◆ Provided data ◆
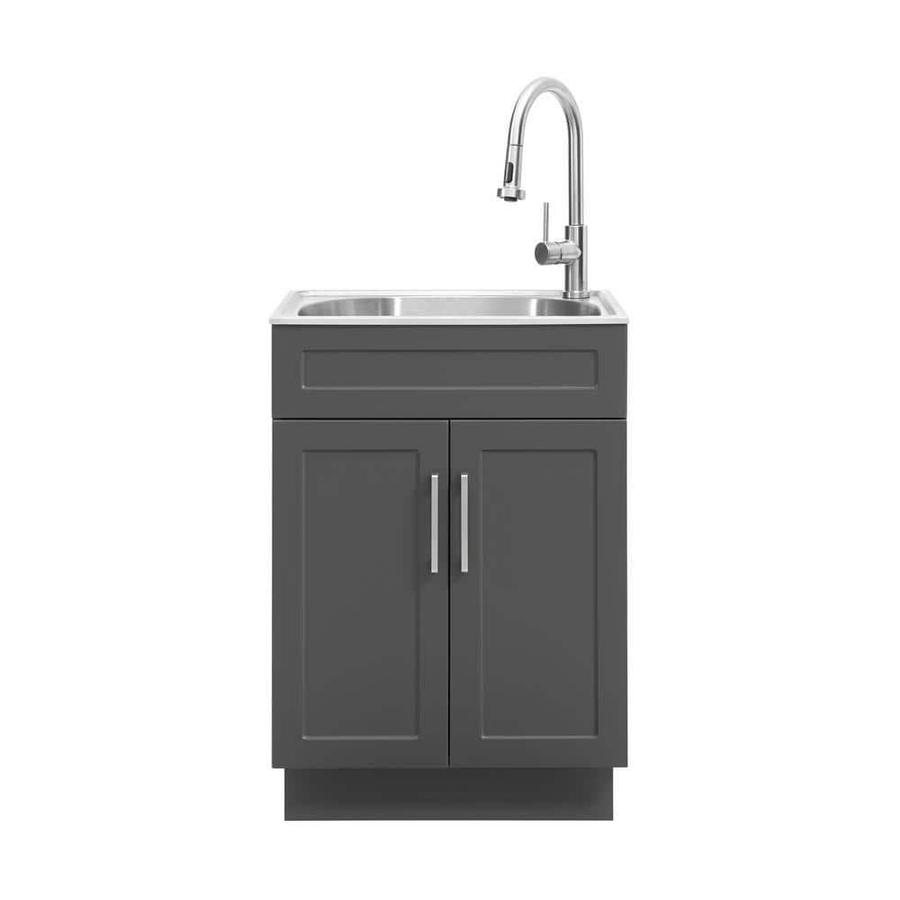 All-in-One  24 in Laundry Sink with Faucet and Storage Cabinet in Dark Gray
* * *
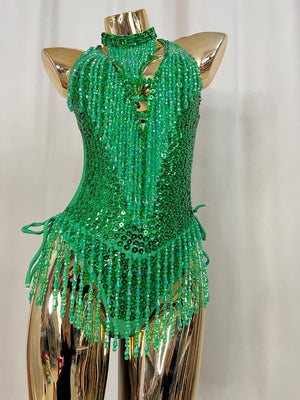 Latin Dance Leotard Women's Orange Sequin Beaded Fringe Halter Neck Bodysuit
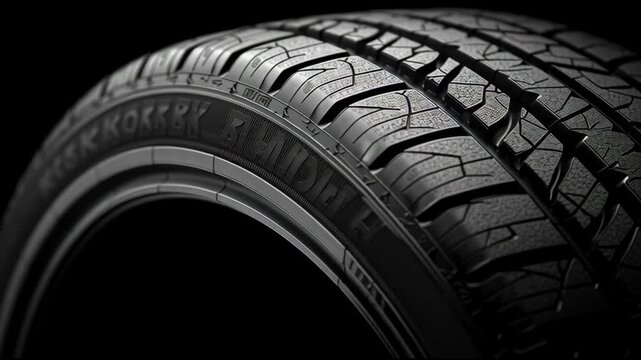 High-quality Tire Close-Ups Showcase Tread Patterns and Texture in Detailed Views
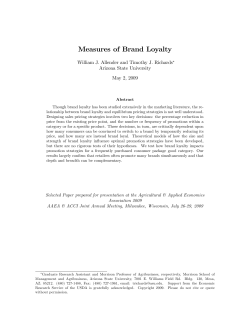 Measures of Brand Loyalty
---
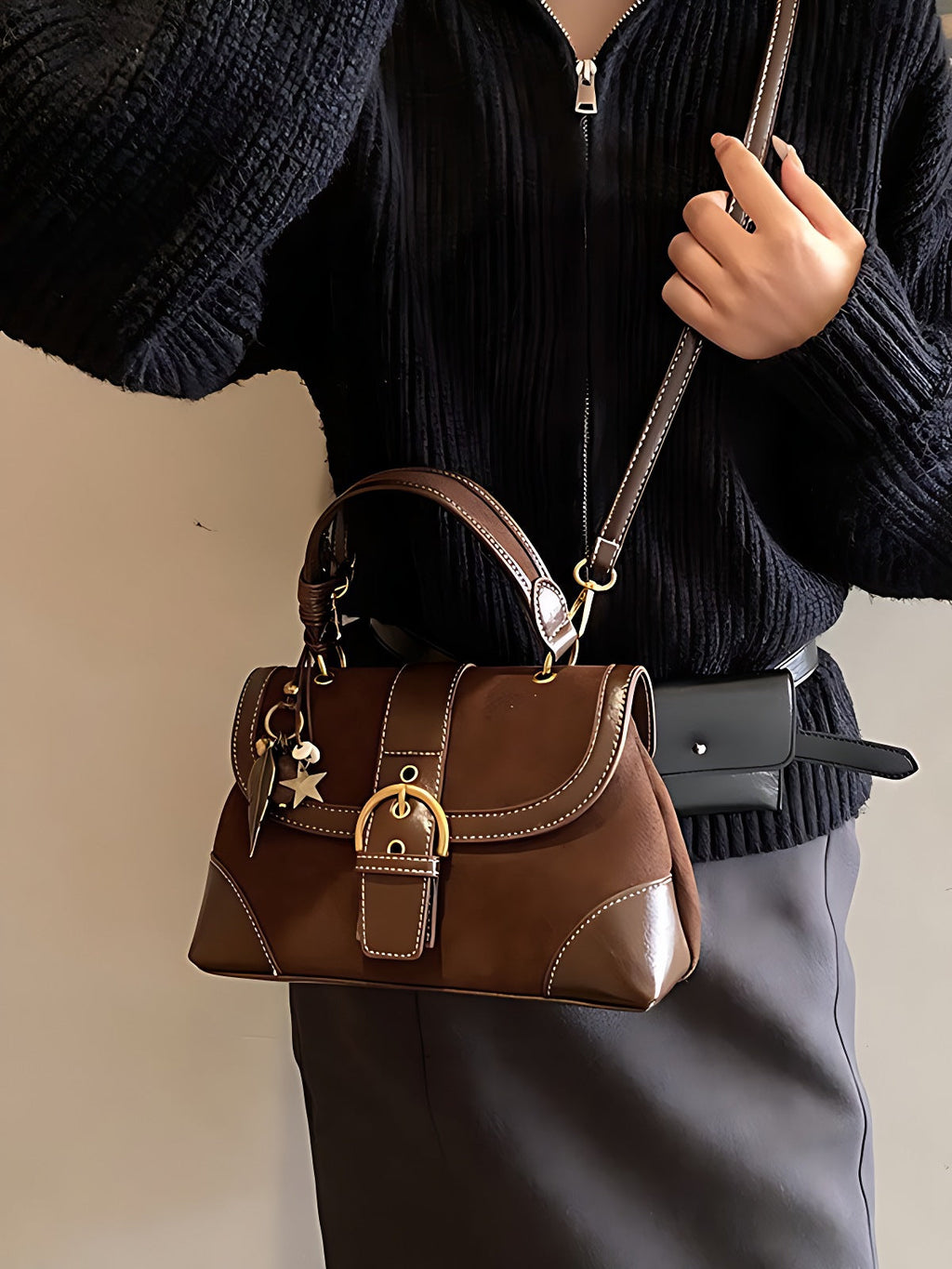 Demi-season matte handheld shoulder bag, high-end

◆ Task to carry out ◆
Retype the lines above exactly as they appear, from the line containing "Latin Dance Leotard" through the line containing "Measures of Brand Loyalty", and leave out any pictures.

◆ Result below ◆
 Latin Dance Leotard Women's Orange Sequin Beaded Fringe Halter Neck Bodysuit
 High-quality Tire Close-Ups Showcase Tread Patterns and Texture in Detailed Views
 Measures of Brand Loyalty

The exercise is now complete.